WHAT THE EXERCISE ASKS
Could you print the stretch of lines below from the one with "reaches our cinemas" through the one with "LENTEJAS S&P PAQUETE 400GR", exactly as they stand and without any pictures?

INPUT RECORDS
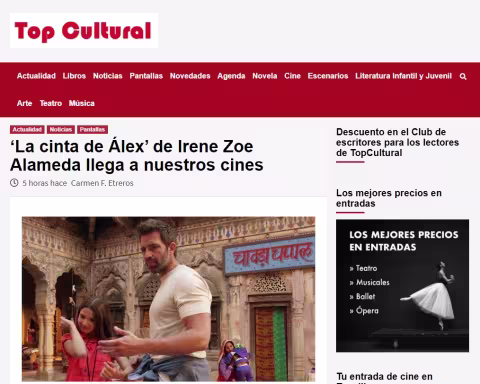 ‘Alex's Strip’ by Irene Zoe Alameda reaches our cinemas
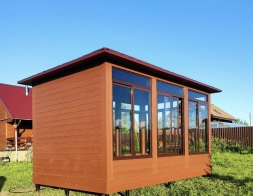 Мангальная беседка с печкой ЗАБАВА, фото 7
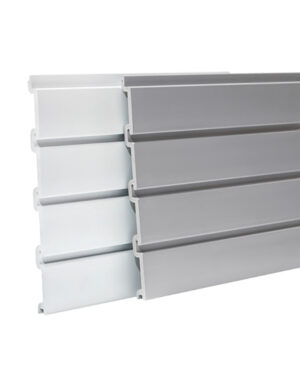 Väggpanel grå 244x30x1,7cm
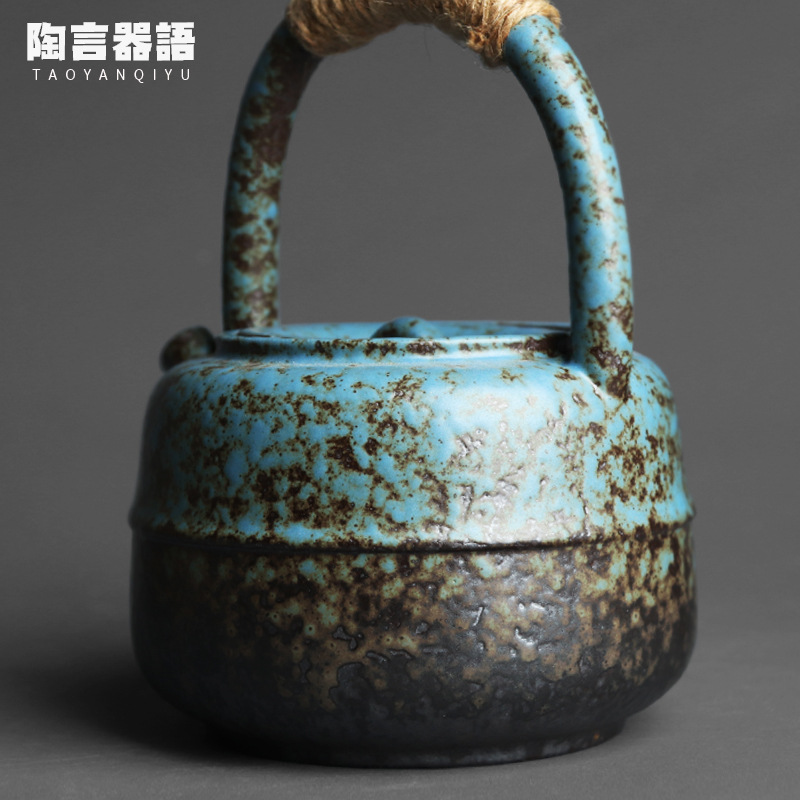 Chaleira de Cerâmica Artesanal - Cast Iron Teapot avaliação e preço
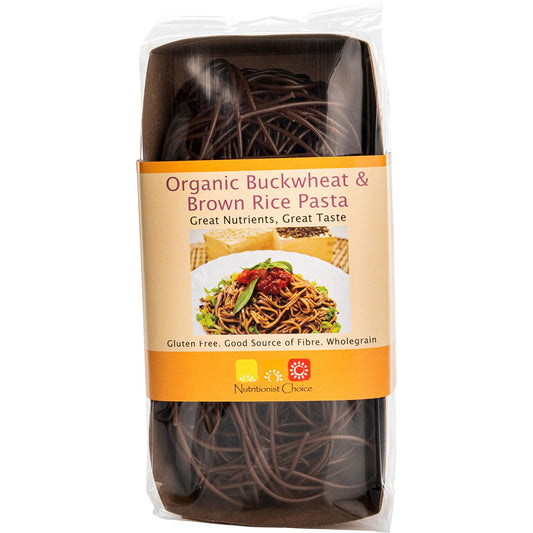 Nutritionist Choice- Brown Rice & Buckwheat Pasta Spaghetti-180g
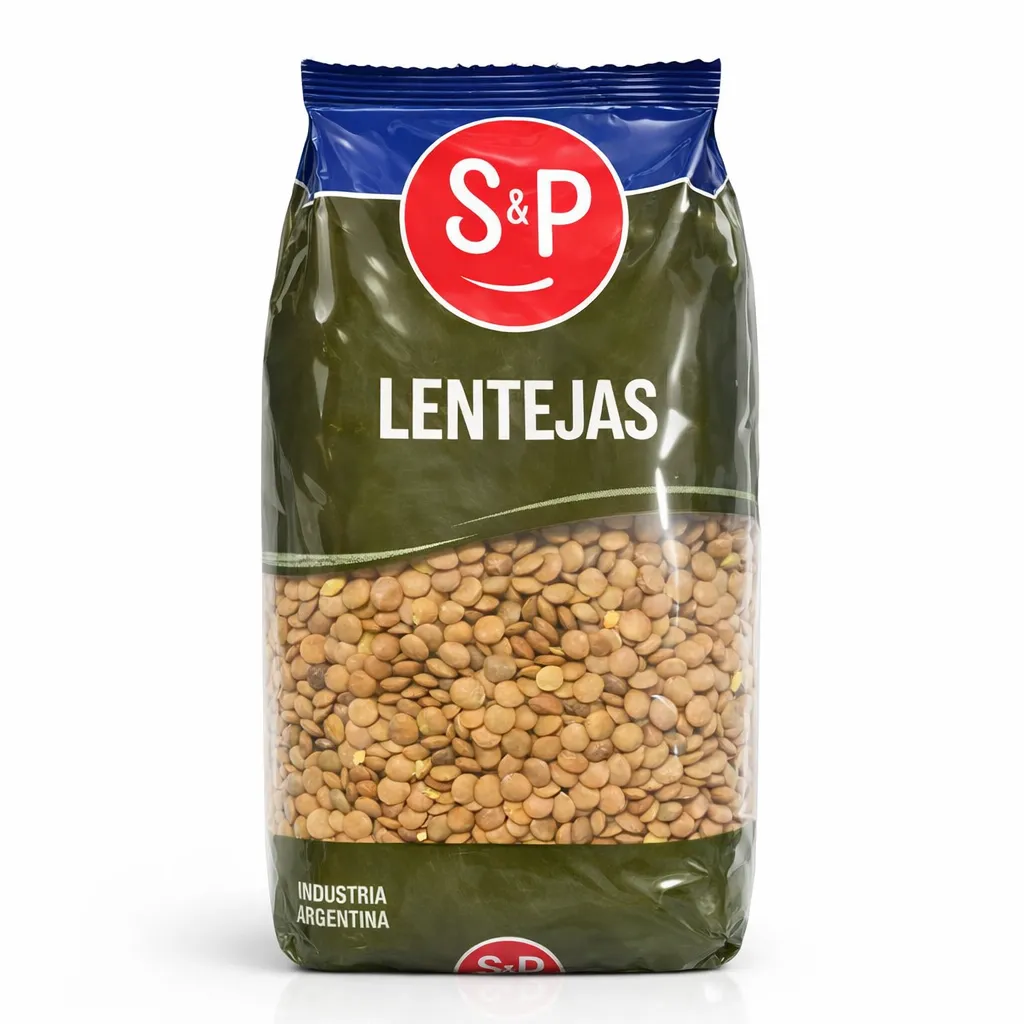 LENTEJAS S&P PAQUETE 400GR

==

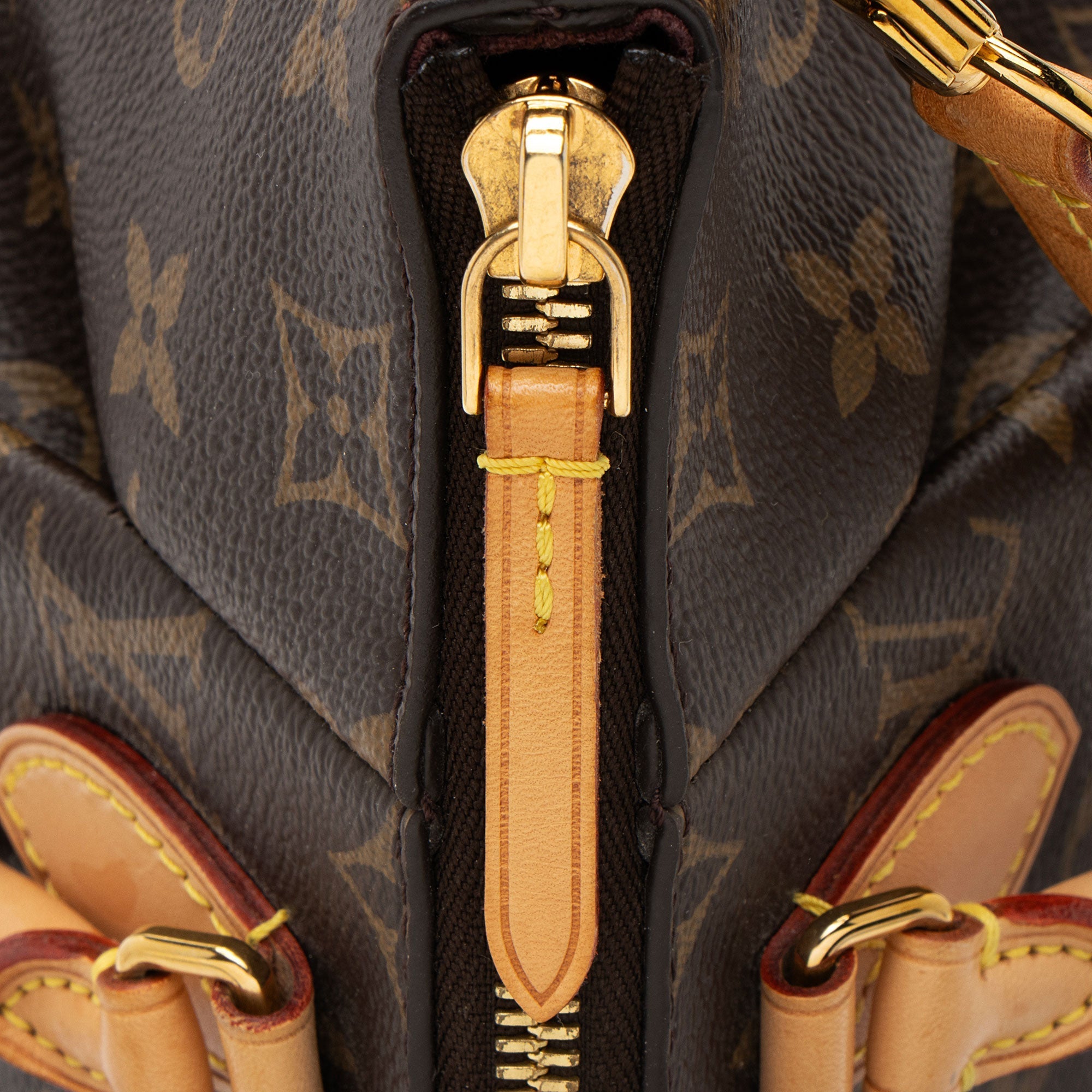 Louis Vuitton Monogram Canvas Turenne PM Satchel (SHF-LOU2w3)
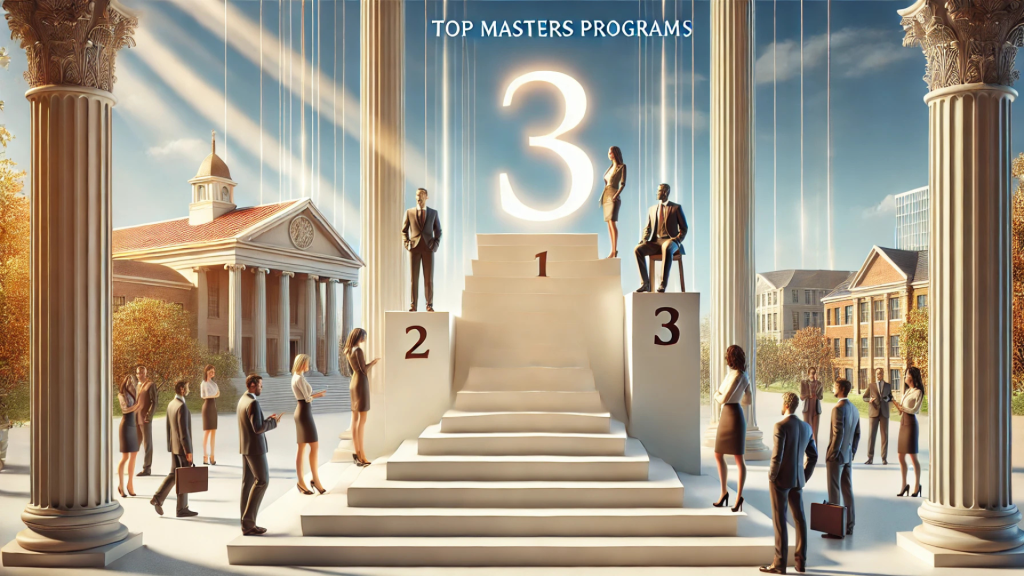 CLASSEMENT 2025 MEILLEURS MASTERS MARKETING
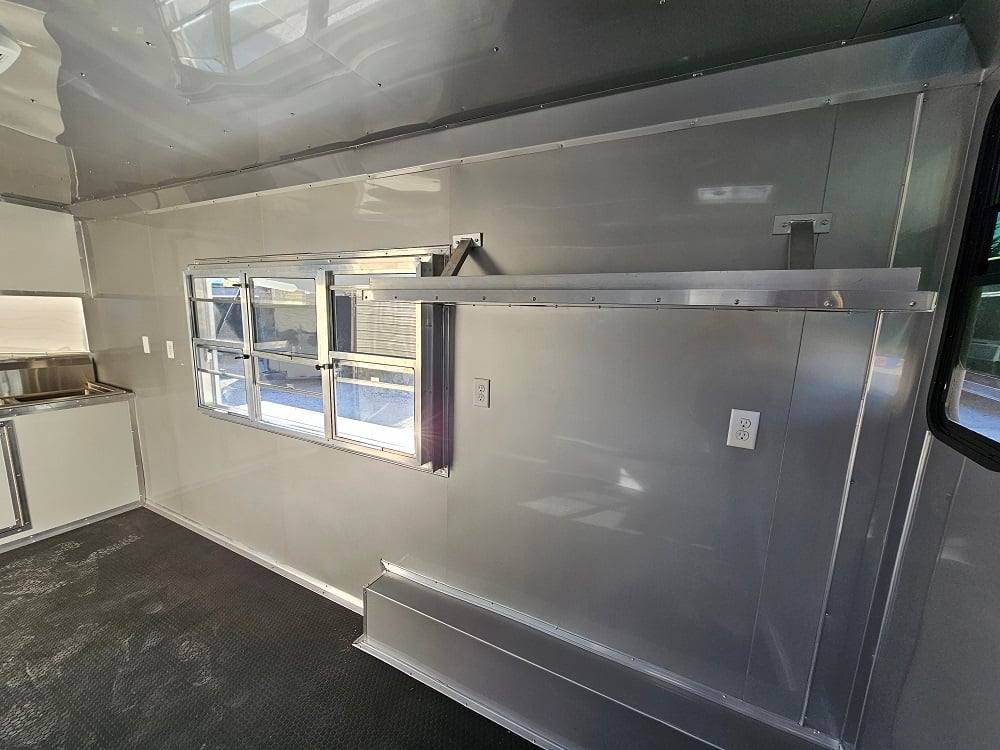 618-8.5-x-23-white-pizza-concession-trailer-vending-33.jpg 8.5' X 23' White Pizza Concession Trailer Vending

...

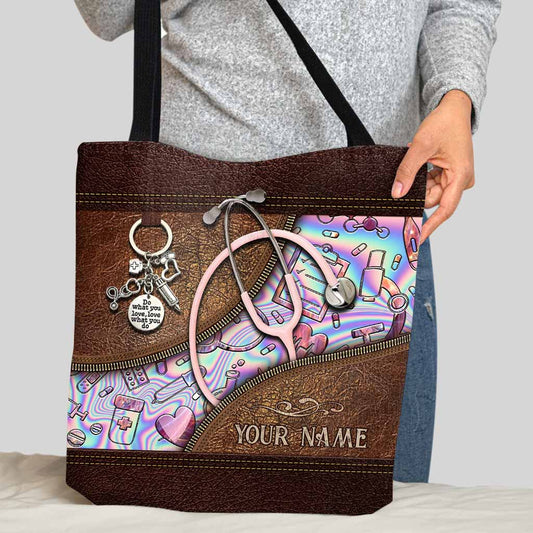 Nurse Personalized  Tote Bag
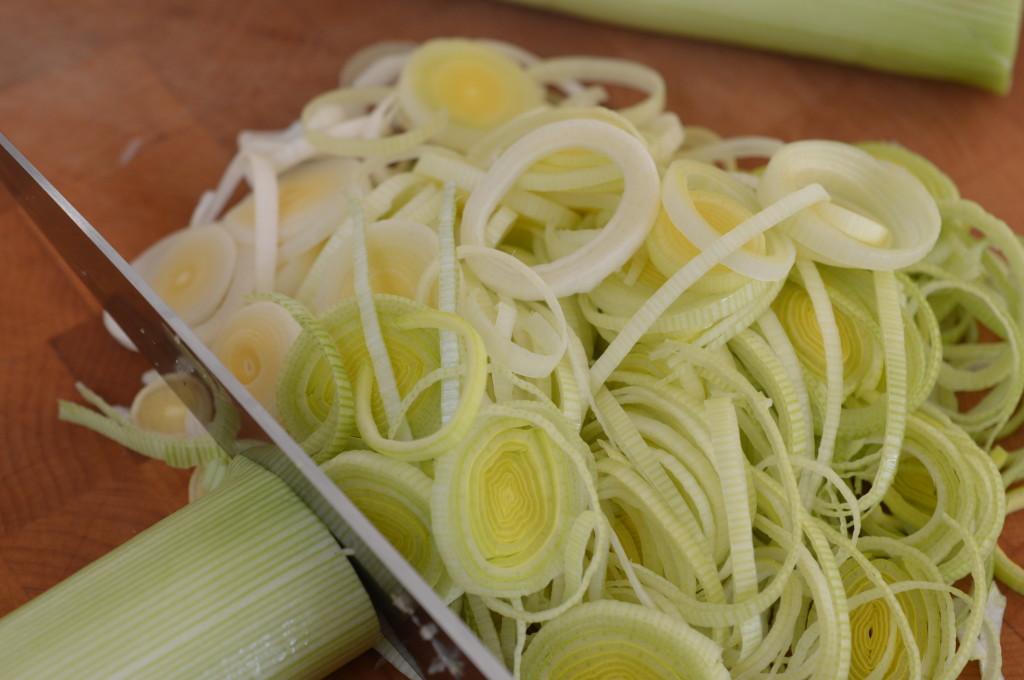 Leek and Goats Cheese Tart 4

SOLUTION BELOW
 ‘Alex's Strip’ by Irene Zoe Alameda reaches our cinemas
 Мангальная беседка с печкой ЗАБАВА, фото 7
 Väggpanel grå 244x30x1,7cm
 Chaleira de Cerâmica Artesanal - Cast Iron Teapot avaliação e preço
 Nutritionist Choice- Brown Rice & Buckwheat Pasta Spaghetti-180g
 LENTEJAS S&P PAQUETE 400GR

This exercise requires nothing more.